● **What to produce**: Under this line sits a listing. Repeat exactly and only its lines from the one holding "Rupture d'un anévrisme de l'aorte abdominale" through the one holding "Cauzele Vitiligo și"; skip pictures.

● **Exercise material**:
********************

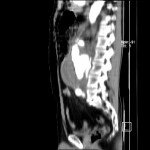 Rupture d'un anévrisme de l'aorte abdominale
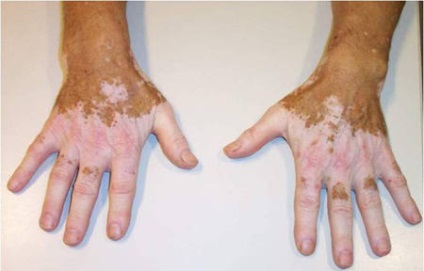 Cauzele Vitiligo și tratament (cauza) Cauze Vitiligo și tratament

********************

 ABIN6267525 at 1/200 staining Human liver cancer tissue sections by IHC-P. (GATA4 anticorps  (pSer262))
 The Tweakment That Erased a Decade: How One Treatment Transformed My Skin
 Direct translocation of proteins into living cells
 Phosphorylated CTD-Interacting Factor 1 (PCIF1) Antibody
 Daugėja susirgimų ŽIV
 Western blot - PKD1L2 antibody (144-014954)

********************

● **Answer space**:
 Rupture d'un anévrisme de l'aorte abdominale
 Cauzele Vitiligo și tratament (cauza) Cauze Vitiligo și tratament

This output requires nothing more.